In 2008, Garza started 30 games for the Rays, posting an 11-9 record with a 3.70 ERA. Moreover, Garza pitched the Rays past the Boston Red Sox in the 2008 ALCS by going 2-0 with a 1.38 ERA and 14 strikeouts in 13 innings pitched - and subsequently being named ALCS MVP.

Meanwhile, in Minnesota, Young - who was touted to be a top tier bat with big-time power potential - batted his way to a pedestrian .290 BA with 10 HRs and 69 RBI in 575 at-bats.

Young followed up his ’08 campaign with a similar season in 2009 - .284 BA, 12 HRs and 60 RBI. Decent, but not spectacular by any means.

The offensive lack combined with sluggish defense by - what many saw as - an overweight outfielder led to Young falling out of favor with Twins fans and management. Young had 180 fewer at-bats in ’09 and was used in more of a platoon role than a bona fide everyday starter.

But the Twins didn’t give up on Young and his potential, feeling good enough to trade spunky CF Carlos Gomez and thus opening up an everyday spot for Delmon in left field. It’s taken some time, but things have certainly paid off for Young and Minnesota as of late.

Young showed up to the Twins 2010 spring training with a body 20-30 pounds lighter than last season and a new-found determination to prove his potential. Flash forward four months later and Delmon has leapt from an average-at-best outfielder to a terrific clutch-hitter with improved speed, range and power, who has quickly transformed himself into a viable All-Star candidate.

As of July 7, Minnesota’s surging left fielder is batting .307 and slugging .500 with 23 doubles, 9 home runs, 53 runs scored and 56 RBI. Young’s BA and SLG% trail only MVP-caliber teammate Justin Morneau (.342, .620) while his RBI mark is tied with Morneau and ranks 8th among all American League hitters.
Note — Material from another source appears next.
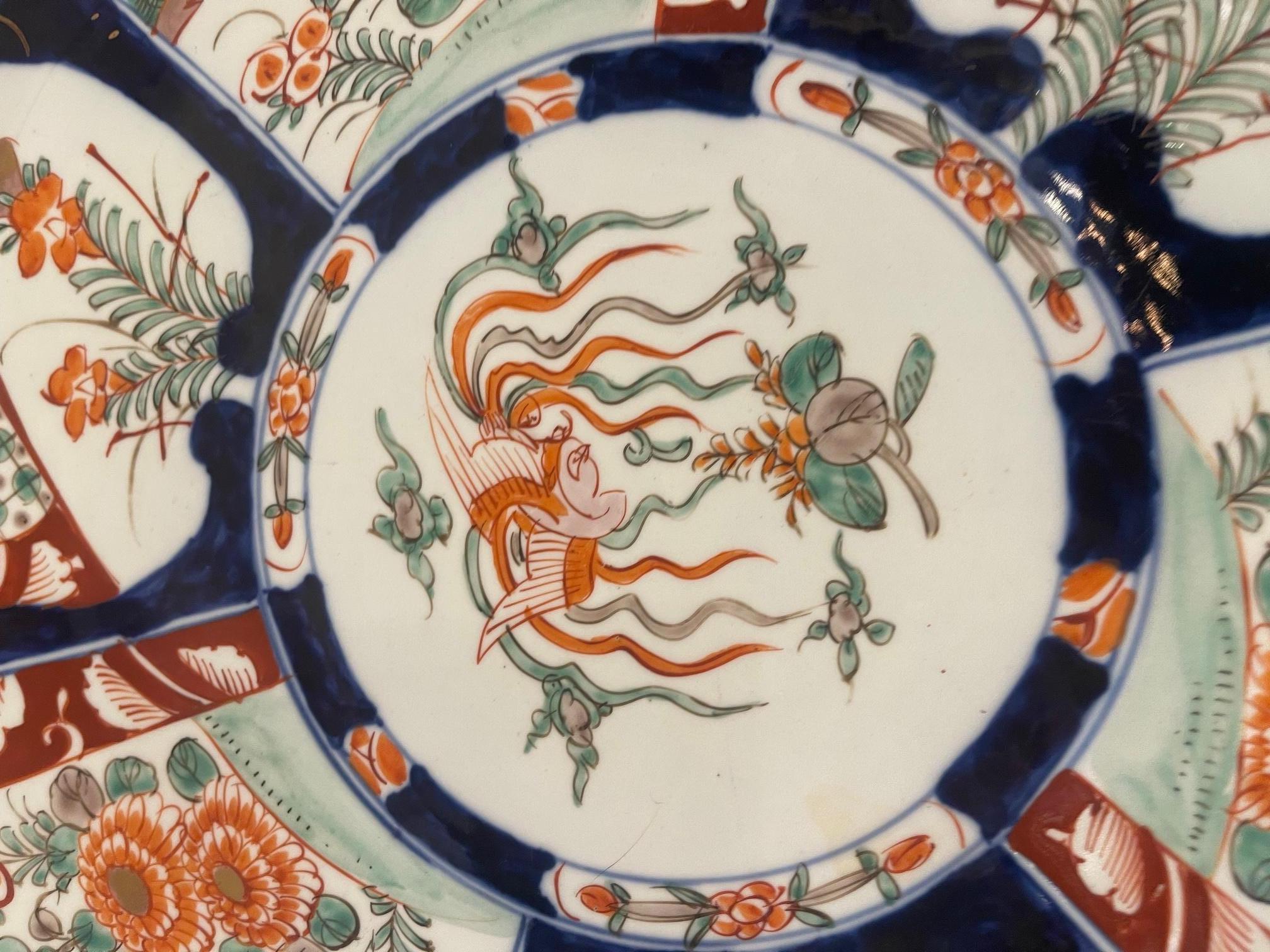 XIXe siècle Assiette de présentation en porcelaine japonaise Imari, 19ème siècle en vente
What’s more impressive is Young’s ability to come through with runners on base. Minnesota - despite its 45-38 record and fifth-ranked AL team batting average (.272) - has been awful in the clutchest of situations (bases loaded).

With the sacks packed, Minnesota is batting .239 (22 -for-92) as a team. They’ve had their chances plenty of times - 92 ABs is second-most in AL to New York (102) - but have failed repeatedly at coming through. Only Seattle and Toronto have a poorer team BA with the bases loaded.
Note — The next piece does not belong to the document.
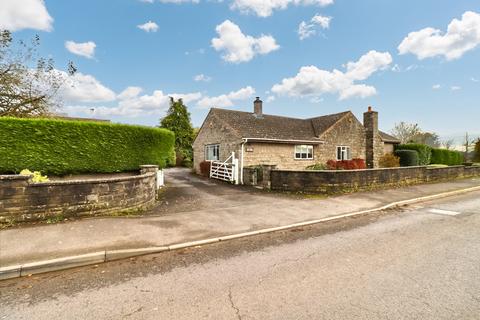 3 bedroom detached bungalow for sale, Langport Road, Somerton TA11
While most of his Twins teammates have struggled in these high-octane RBI situations, Delmon has flourished. Thus far, Young has gone 4-for-12 with a double and a team-high 13 RBI in situations with all bases occupied.

Moreover, Young has also been steady this season in the other key RBI situations. With runners in scoring position (RISP), Young leads the Twins with a .408 BA (31-for-76) and has 44 RBI. And when he comes to the plate in RISP with 2 out situations, Delmon is batting .349 with a team-leading 18 RBI.

Last night, in a Twins win over the Blue Jays at Toronto, Young was 3-for-3 with a run, RBI and a walk. Delmon’s efforts both last night and tonight could go a long way in a short time as Young is one of five players on the AL Final Vote ballot (which is to conclude Thursday at 4:00pm ET).

Fans can vote as often as possible for either Young, 1B Paul Konerko (White Sox), 1B/3B Kevin Youkilis (Red Sox), OF Nick Swisher (Yankees) or Texas 3B MIchael Young.

All five players are deserving but the Twins are encouraging fans to vote for Young with their “Drive in Delmon” campaign. A fitting name for a fitting cause due to Delmon’s demonstrative ability to drive in runs this season.